◆ Supplied data:
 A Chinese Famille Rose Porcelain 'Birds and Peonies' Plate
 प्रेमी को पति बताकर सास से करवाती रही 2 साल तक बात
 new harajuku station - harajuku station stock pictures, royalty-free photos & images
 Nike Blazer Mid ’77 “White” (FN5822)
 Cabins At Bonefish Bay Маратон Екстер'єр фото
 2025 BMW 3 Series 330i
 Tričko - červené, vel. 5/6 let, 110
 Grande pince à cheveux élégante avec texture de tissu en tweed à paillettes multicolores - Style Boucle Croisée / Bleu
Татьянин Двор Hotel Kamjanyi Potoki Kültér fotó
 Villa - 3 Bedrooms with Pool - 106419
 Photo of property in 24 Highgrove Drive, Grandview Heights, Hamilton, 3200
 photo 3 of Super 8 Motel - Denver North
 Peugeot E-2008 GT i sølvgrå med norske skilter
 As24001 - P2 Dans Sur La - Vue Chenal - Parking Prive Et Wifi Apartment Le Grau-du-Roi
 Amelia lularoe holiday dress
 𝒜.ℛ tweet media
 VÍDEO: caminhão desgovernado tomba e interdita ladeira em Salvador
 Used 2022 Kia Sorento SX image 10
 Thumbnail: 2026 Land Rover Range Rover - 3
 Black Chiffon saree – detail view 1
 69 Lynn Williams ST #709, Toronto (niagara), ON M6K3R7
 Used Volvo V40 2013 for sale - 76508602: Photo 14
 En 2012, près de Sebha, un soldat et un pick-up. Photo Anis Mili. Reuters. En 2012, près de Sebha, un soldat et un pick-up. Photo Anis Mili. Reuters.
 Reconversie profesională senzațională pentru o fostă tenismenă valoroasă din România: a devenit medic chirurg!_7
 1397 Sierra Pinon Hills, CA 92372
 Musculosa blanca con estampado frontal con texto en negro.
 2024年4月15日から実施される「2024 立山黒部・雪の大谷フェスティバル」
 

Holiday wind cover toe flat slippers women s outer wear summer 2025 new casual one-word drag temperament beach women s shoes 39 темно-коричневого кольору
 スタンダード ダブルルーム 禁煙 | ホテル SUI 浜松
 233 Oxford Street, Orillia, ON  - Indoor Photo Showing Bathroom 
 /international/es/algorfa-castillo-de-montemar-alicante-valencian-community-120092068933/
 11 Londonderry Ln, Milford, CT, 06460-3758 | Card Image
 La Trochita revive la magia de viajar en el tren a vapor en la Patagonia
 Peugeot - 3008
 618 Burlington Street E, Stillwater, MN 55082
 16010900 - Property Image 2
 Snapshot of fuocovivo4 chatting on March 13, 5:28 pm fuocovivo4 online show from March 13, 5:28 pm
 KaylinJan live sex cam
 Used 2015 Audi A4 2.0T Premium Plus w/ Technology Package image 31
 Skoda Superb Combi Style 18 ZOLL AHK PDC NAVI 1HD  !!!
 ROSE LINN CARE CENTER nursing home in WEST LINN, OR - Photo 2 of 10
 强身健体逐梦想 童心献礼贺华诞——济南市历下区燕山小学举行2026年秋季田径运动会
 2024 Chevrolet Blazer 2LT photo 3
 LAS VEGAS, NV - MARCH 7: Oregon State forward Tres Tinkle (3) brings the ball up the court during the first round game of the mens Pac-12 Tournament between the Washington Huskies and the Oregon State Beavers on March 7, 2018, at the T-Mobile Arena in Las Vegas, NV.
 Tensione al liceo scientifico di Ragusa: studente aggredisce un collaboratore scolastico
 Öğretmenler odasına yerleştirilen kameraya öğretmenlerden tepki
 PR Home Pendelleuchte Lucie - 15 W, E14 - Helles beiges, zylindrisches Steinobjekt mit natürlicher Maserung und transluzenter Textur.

◆ Exercise brief: Only one part of the material above is to be transcribed, namely the lines starting with the line that has "new harajuku station" and going on through the line that has "16010900 - Property Image 2", exactly as they stand.

◆ Exercise result:
 new harajuku station - harajuku station stock pictures, royalty-free photos & images
 Nike Blazer Mid ’77 “White” (FN5822)
 Cabins At Bonefish Bay Маратон Екстер'єр фото
 2025 BMW 3 Series 330i
 Tričko - červené, vel. 5/6 let, 110
 Grande pince à cheveux élégante avec texture de tissu en tweed à paillettes multicolores - Style Boucle Croisée / Bleu
Татьянин Двор Hotel Kamjanyi Potoki Kültér fotó
 Villa - 3 Bedrooms with Pool - 106419
 Photo of property in 24 Highgrove Drive, Grandview Heights, Hamilton, 3200
 photo 3 of Super 8 Motel - Denver North
 Peugeot E-2008 GT i sølvgrå med norske skilter
 As24001 - P2 Dans Sur La - Vue Chenal - Parking Prive Et Wifi Apartment Le Grau-du-Roi
 Amelia lularoe holiday dress
 𝒜.ℛ tweet media
 VÍDEO: caminhão desgovernado tomba e interdita ladeira em Salvador
 Used 2022 Kia Sorento SX image 10
 Thumbnail: 2026 Land Rover Range Rover - 3
 Black Chiffon saree – detail view 1
 69 Lynn Williams ST #709, Toronto (niagara), ON M6K3R7
 Used Volvo V40 2013 for sale - 76508602: Photo 14
 En 2012, près de Sebha, un soldat et un pick-up. Photo Anis Mili. Reuters. En 2012, près de Sebha, un soldat et un pick-up. Photo Anis Mili. Reuters.
 Reconversie profesională senzațională pentru o fostă tenismenă valoroasă din România: a devenit medic chirurg!_7
 1397 Sierra Pinon Hills, CA 92372
 Musculosa blanca con estampado frontal con texto en negro.
 2024年4月15日から実施される「2024 立山黒部・雪の大谷フェスティバル」
 

Holiday wind cover toe flat slippers women s outer wear summer 2025 new casual one-word drag temperament beach women s shoes 39 темно-коричневого кольору
 スタンダード ダブルルーム 禁煙 | ホテル SUI 浜松
 233 Oxford Street, Orillia, ON  - Indoor Photo Showing Bathroom 
 /international/es/algorfa-castillo-de-montemar-alicante-valencian-community-120092068933/
 11 Londonderry Ln, Milford, CT, 06460-3758 | Card Image
 La Trochita revive la magia de viajar en el tren a vapor en la Patagonia
 Peugeot - 3008
 618 Burlington Street E, Stillwater, MN 55082
 16010900 - Property Image 2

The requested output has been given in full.